My first book (HOW TO EAT FRIED FURRIES) is being published by Eraserhead Press in less than a month. So I’m spending a little time saying “thank you” to all the forces that came together to push a painfully shy blue collar gutter snipe like myself to embrace her creativity.
Today’s “Thank You” is a little foggy — because my memory of this is a little foggy. But I think I’m thanking the right people. Today’s thank you goes out to the touring company of Theater West Virginia (who came to my high school — in Maryland — to put on a production of Moliere’s satire TARTUFFE).
Who would have thunk it? West Virginia exporting culture out to Maryland. Keep in mind, I lived in rural Maryland. Probably more rural than the area of West Virginia the cultural emissaries were traveling from.
So, I swear it happened. Or, at least, I’m pretty sure it happened.

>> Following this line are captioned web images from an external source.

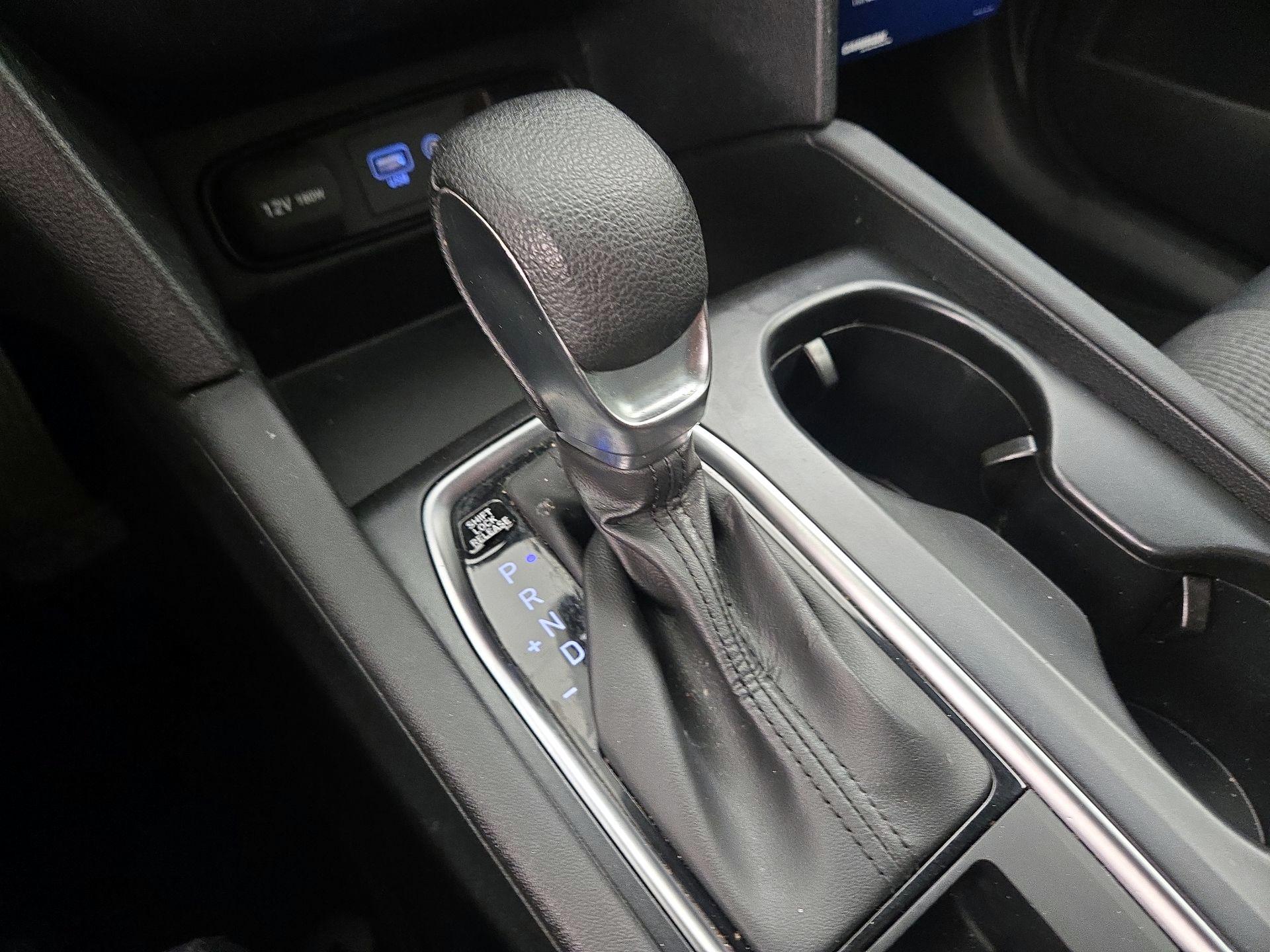 Thumbnail: 2020 Hyundai Santa Fe - 17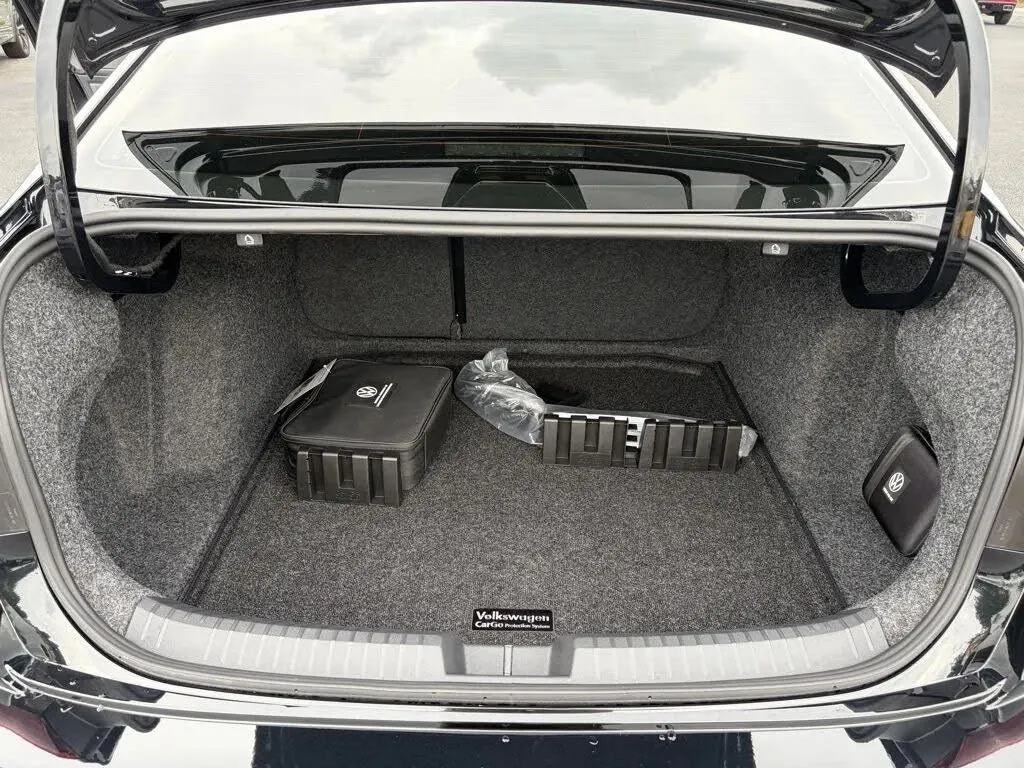 Volkswagen Jetta GLI photo 22
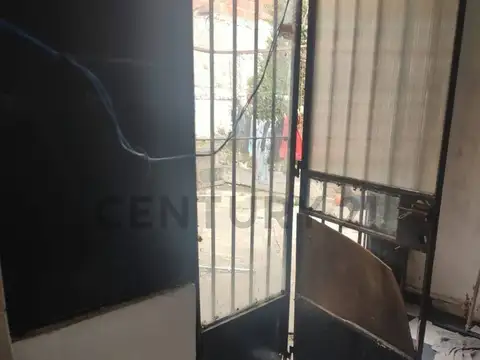 Local con Vivienda en Venta, La Plata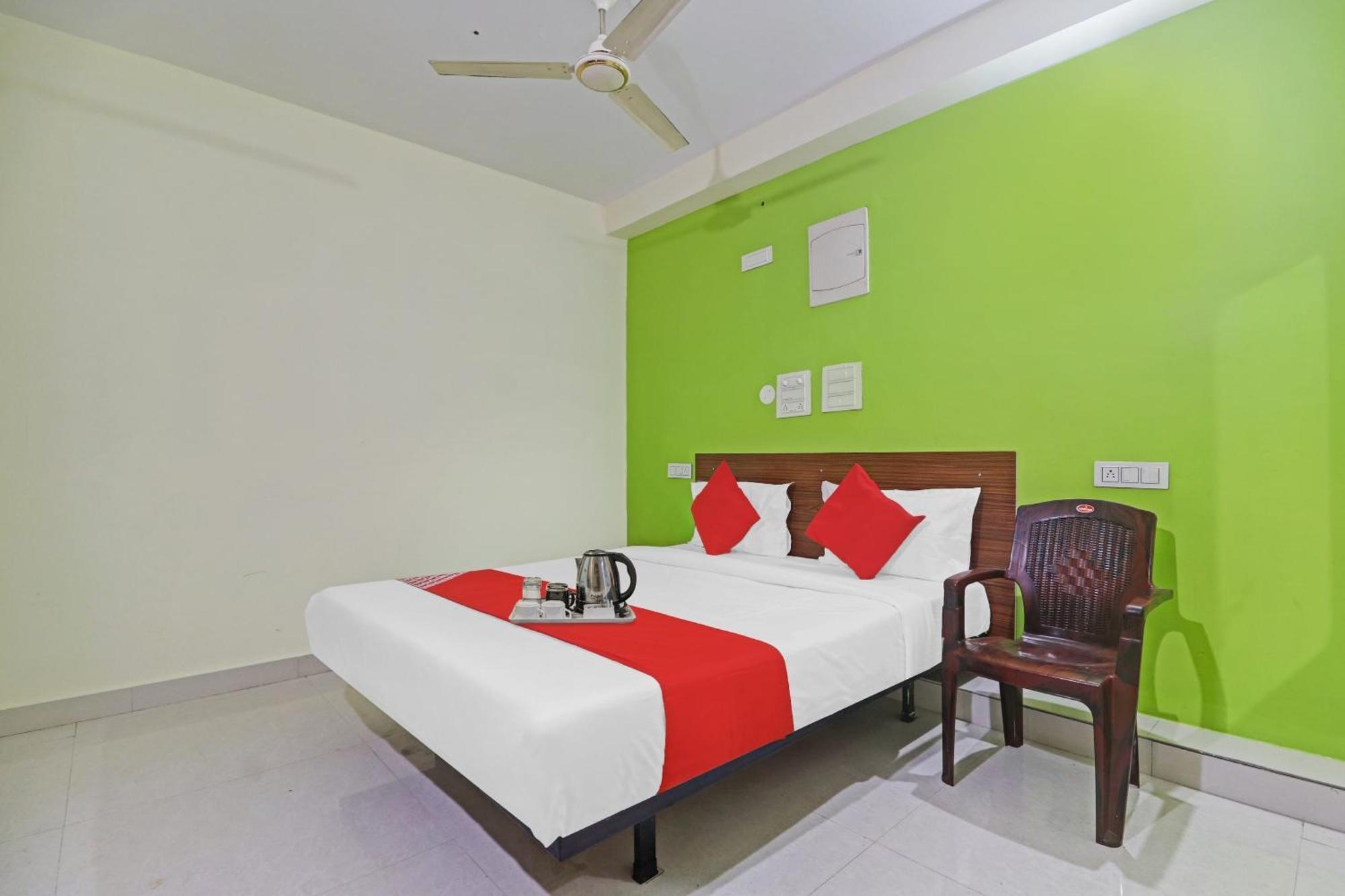 Super Hotel O Dk Reddy Square 하이데라바드 외부 사진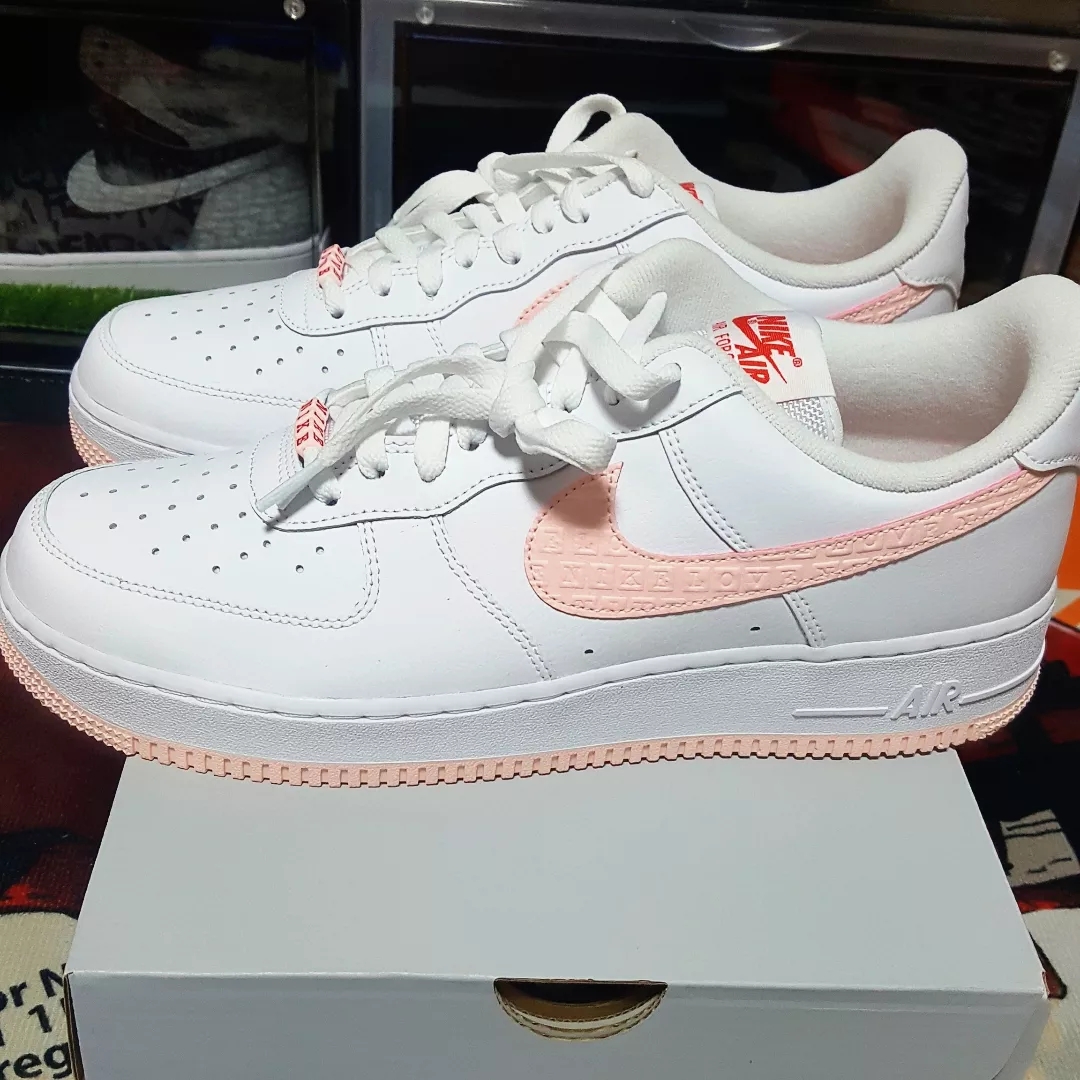 Nike Air Force 1 '07 Valentine's Day 2022 착용 스타일 - 5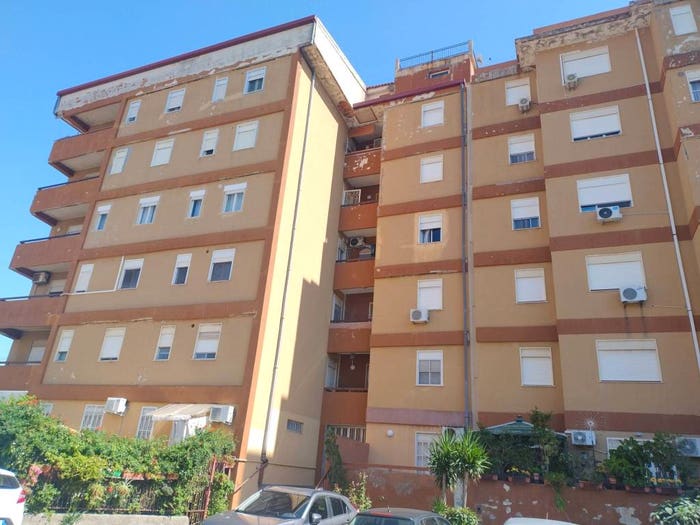 Appartamento con 5 locali in vendita in Via Gaetano Alessi, Gazzi, Messina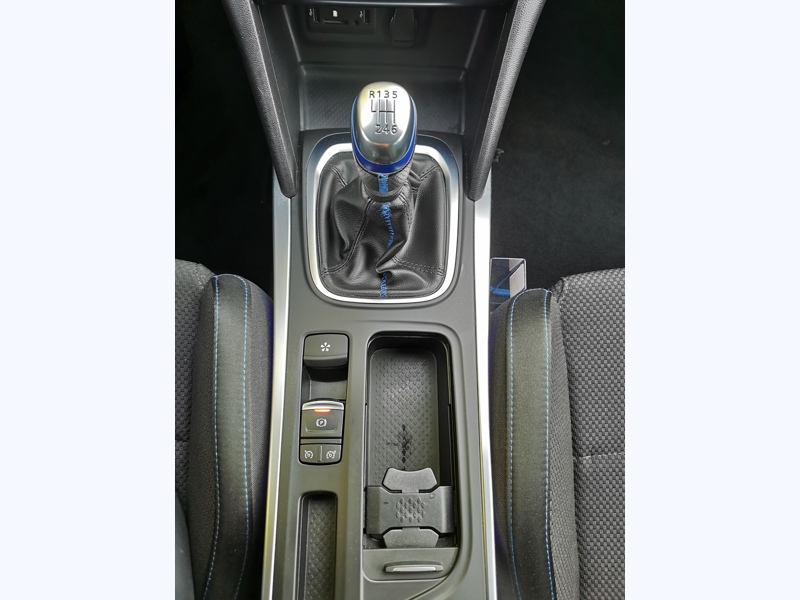 Image Renault MEGANE IV BERLINE 5 PTES. Intens 1.2 TCE 130 ch BVM6 Caméra Régulateur/Limiteur GPS Bluetooth Feux auto  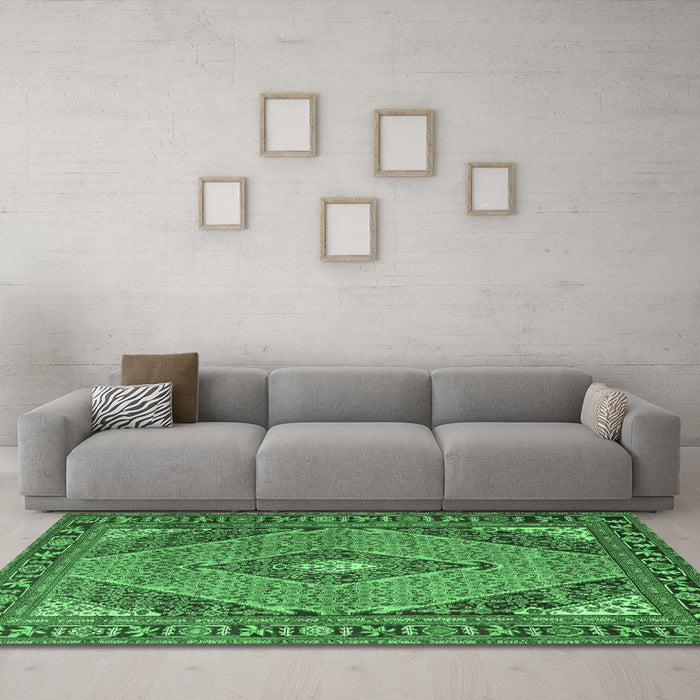 Machine Washable Medallion Emerald Green Traditional Area Rugs in a Living Room,, wshtr1172emgrn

My school didn’t have a lot of outlets for creative kids. By my junior year, the theater program died. And this was before the days of A-V clubs, the internet, and the like. Most of the time, I just skulked around the halls — silently suffering and counting the years until I could leave home.
Then one day we had an assembly. Not just any assembly. A performance of Tartuffe. A smart, biting satire against religious hypocrisy– being offered up right there in high school. Perhaps even more important, the actors agreed to hang out with some of the students afterward and talk about what life was like as a professional in the arts.
It was probably the least-sucky day in my entire high school career.
It helped me find out what I wanted to do with my life, more than any class did.
And for that, I just want to say, thank you.